Since then, I had noticed (whether it was my imagination or not) that this friend seemed to possibly have interest in me, though he was dating his girlfriend and he's not the type to cheat or anything and despite the fact he doesn't know that I'm gay. And he never admitted to being bisexual to me, despite the fact he had confided in me many other times about other things going on in his life.

But in the end, when it seemed his relationship with his girlfriend was getting more stable he started sticking to saying he was straight, and that once his girlfriend tried to convince him he was bi but it just wasn't true.

Well, recently his girlfriend broke it off for good with him and she moved on with some guys she met online. and they've been broken up for almost a month and he's been a wreck lately.
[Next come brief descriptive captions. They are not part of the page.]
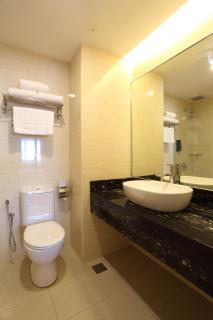 Metro Hotel @ KL Sentral - Kuala Lumpur - 5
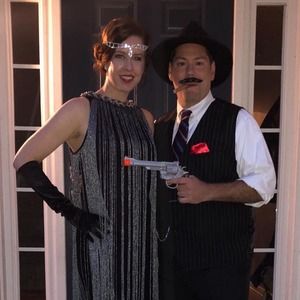 Meet your Posher, Nancy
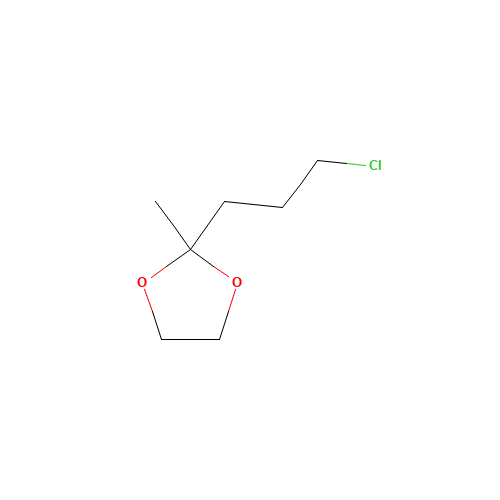 FT-0635926 CAS:5978-08-5 chemical structure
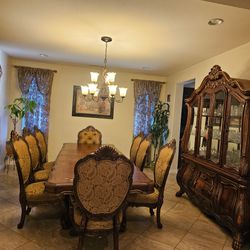 Furniture set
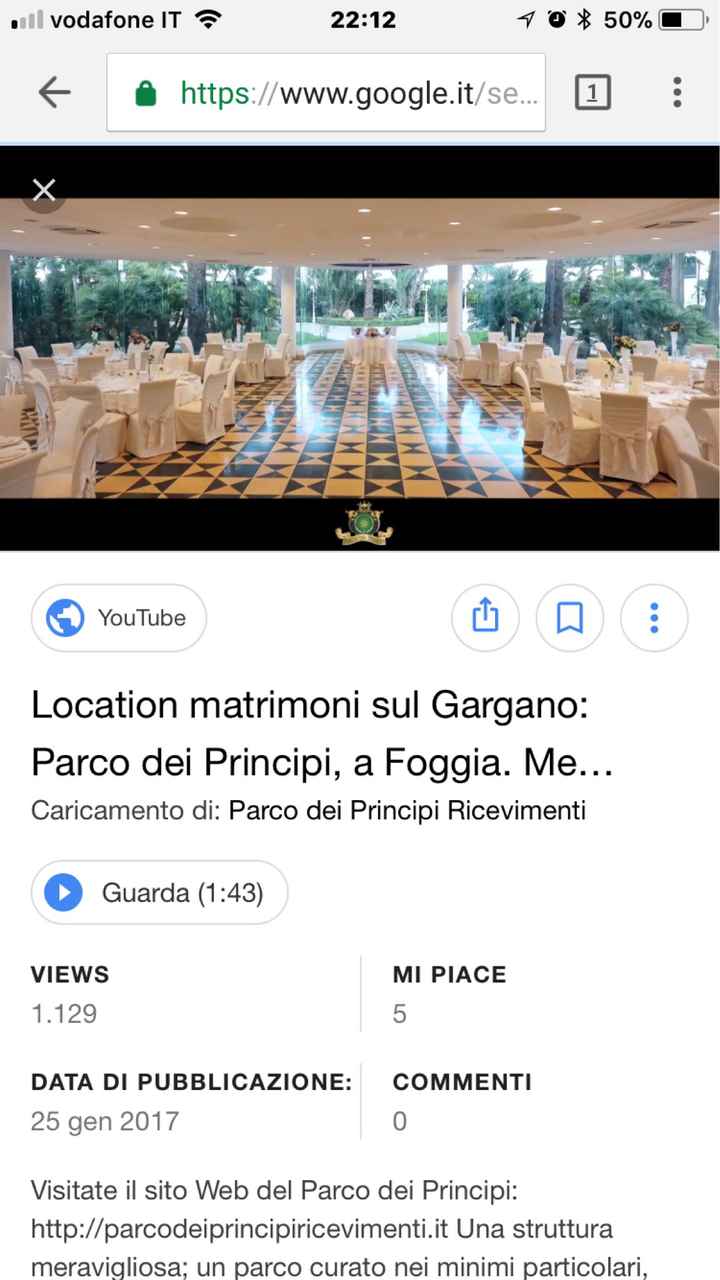  Foto della location - 2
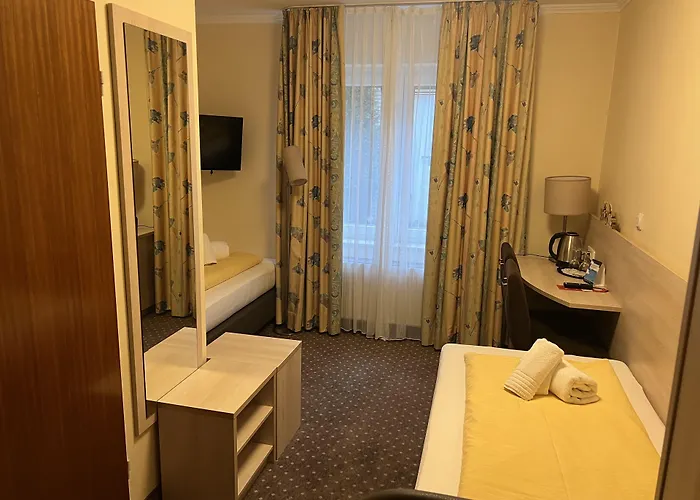 M&m - Hotel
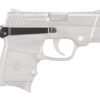 TECHNA CLIP S&W BODYGUARD RH BLK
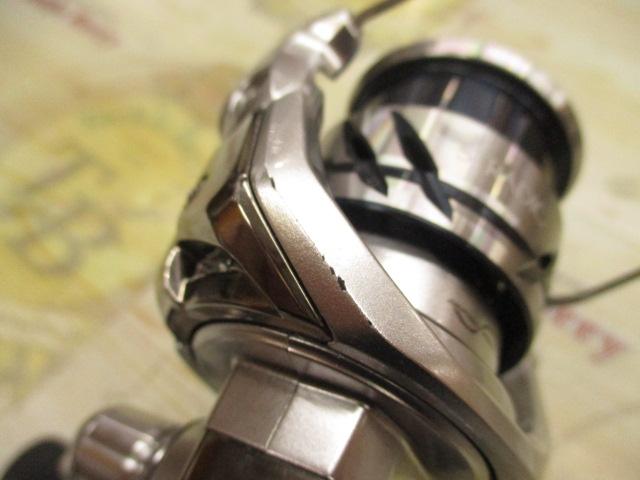 23ストラディック C2000SHG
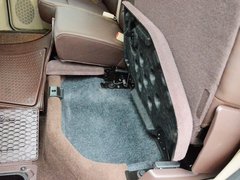 2014款 5.7L 长角版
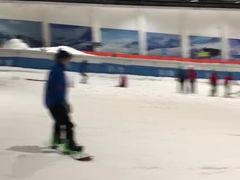 -绍兴启迪乔波冰雪世界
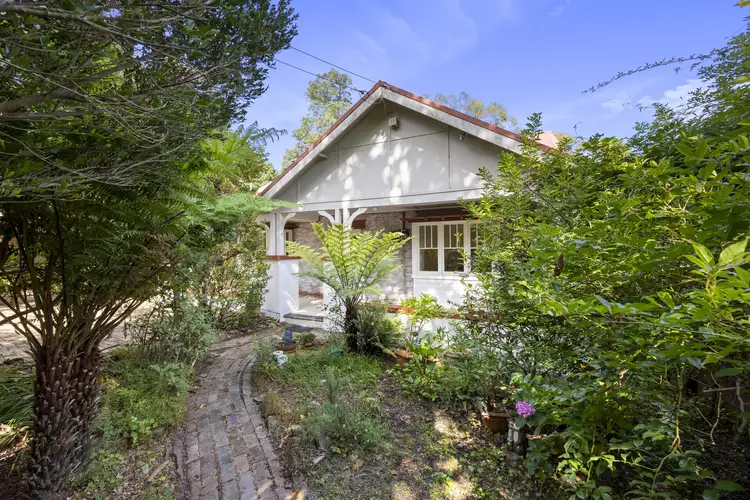 Second view of Homely house listing, 12 Station St, Katoomba NSW 2780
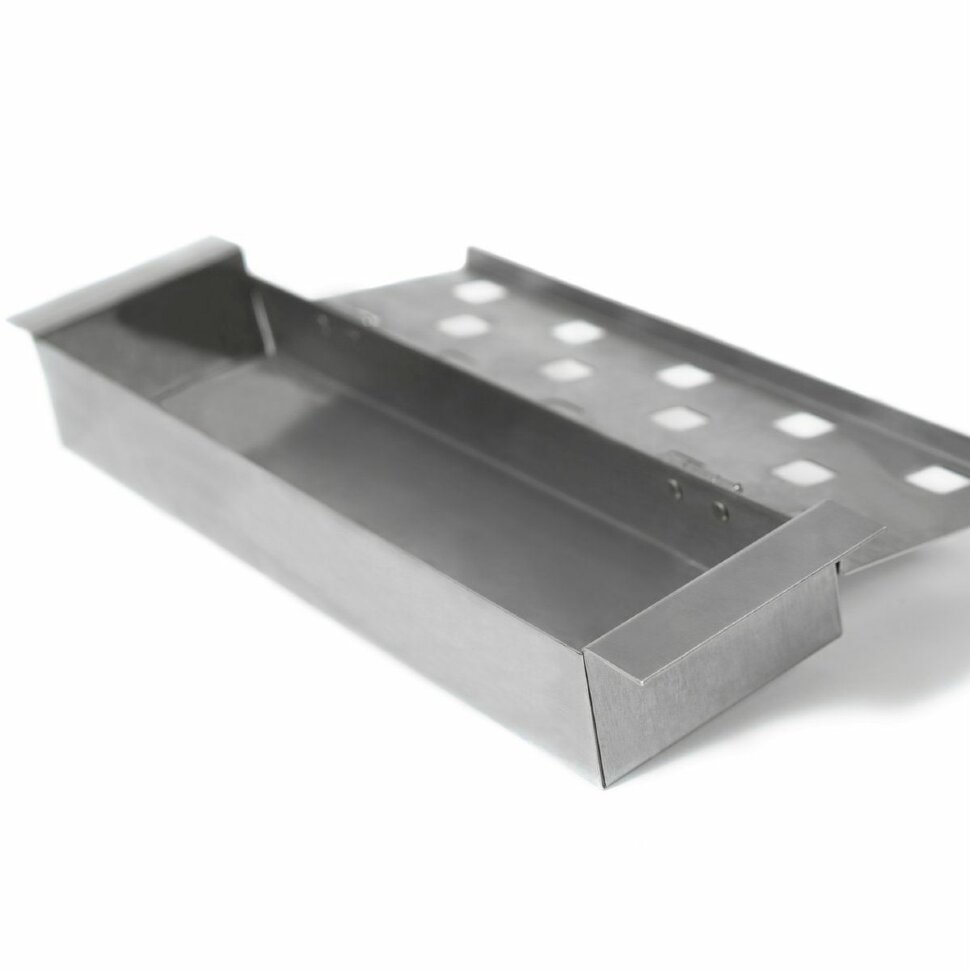 Контейнер для копчения Broil-King, с крышкой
But he and I had been texting each other alot. Alot of the time he would just text me to say hi or ask what I'm doing. And once again, I started getting the feeling that he might be interested in me.
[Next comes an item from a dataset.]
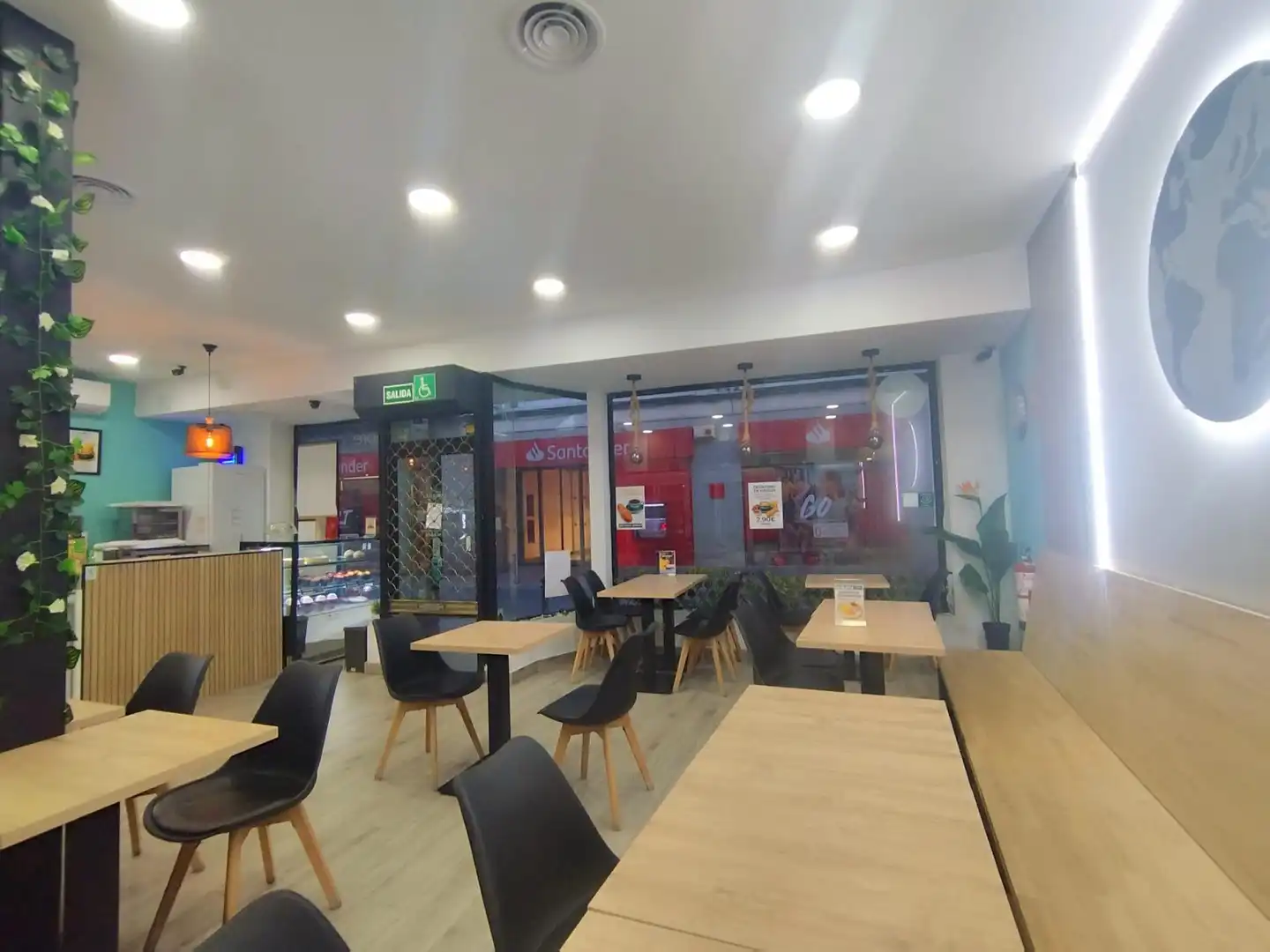 Local comercial en venta en Calle san isidro, imagen 25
Well, last night, he, a friend of his, and I got together at my place and we got drunk, played video games and pretty much hung out. But at some point during the night (and I can't remember what possessed me to do it) I started teasing him and I put my arm around him with my hand rubbing his shoulder. Now I was wasted at the time, but he only had a couple of drinks so he had to be pretty close to sober. Now that escalated to me running my fingers through his hair, and he ended up putting his arm around me, on and off through the night we just sat on the couch either holding hands or with me having my hand on his knee or stroking his leg. And he didn't seem to mind it. I even asked him if this was okay and he said he didn't mind. And we were doing this in front of a friend of ours who didn't seem at all surprised by this.
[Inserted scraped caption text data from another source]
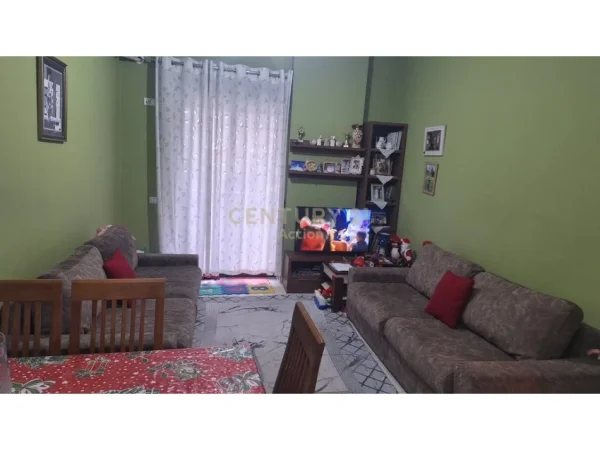 Tirane, shitet apartament Kati 2, 111 m² 115.000 € 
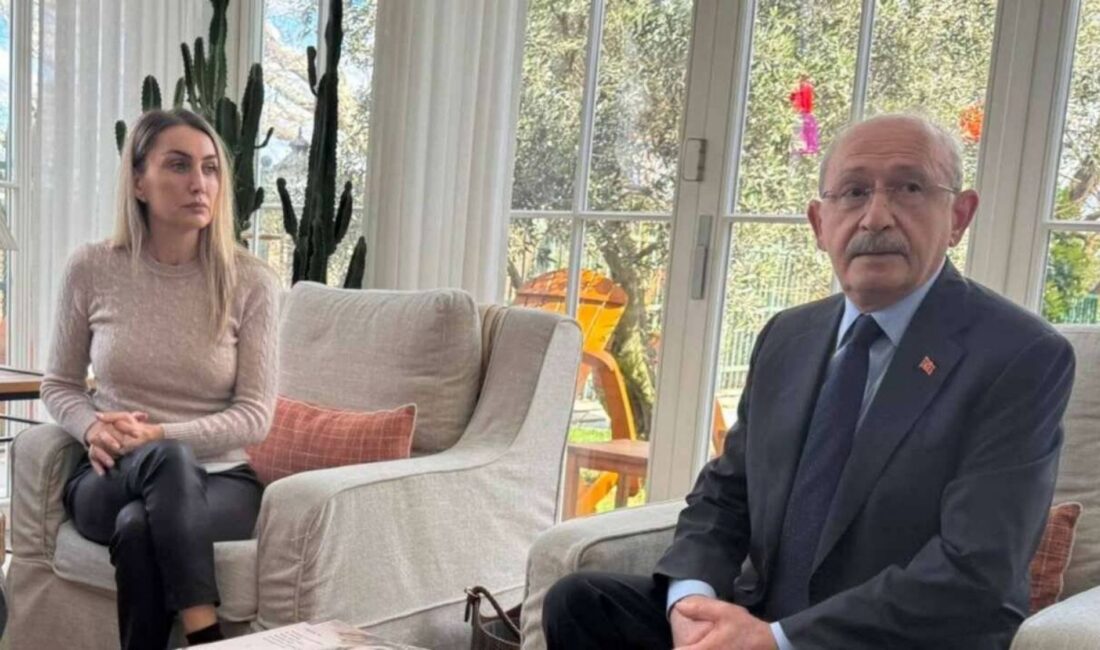 Kurultay kararıyla koltuğuna dönen Kılıçdaroğlu'nun, Ekrem İmamoğlu ve Özgür Özel
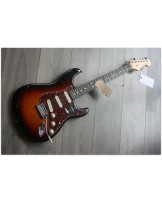 FENDER " American Professional II Stratocaster, Three Color Sunburst, Rosewood"
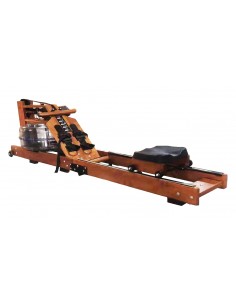 Wooden Rowing Hernan Line...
Well 5 am rolled around and I went to bed and one of my friends crashed on the couch, the other on the floor. Well when morning finally came, I woke to the sound of my front door slamming shut and I realized that my friend and his friend both left, without saying anything.

Ever since then, I've been paranoid if I freaked him out and that's why he suddenly left this morning without any warning. I mean even if he's bi, I never told him I was gay so when I started pawing at him, it may have been surprising. And throughout the whole time I was holding his hand, had my arm around him or my hand on his leg, he didn't seem to mind at all. But I don't know. I have a gut feeling that he likes me back, but I don't know what to do from here. We haven't had a chance to talk to each other since last night and I have no idea what's going on in his head. I don't know if I should bring it up. Make it clear that I have feelings for him though I'm sure there is no doubt in his mind about that since last night. Or maybe I should just let this go like nothing happened, and hope he makes the next move if he's interested. I don't know... I mean I think he likes me, but I'm paranoid that I scared him off especially since it was only a month ago that his girlfriend broke up with him and he's still coping with what happened since they've been together for so long.
 
I mean I think he likes me, but I'm paranoid that I scared him off especially since it was only a month ago that his girlfriend broke up with him and he's still coping with what happened since they've been together for so long.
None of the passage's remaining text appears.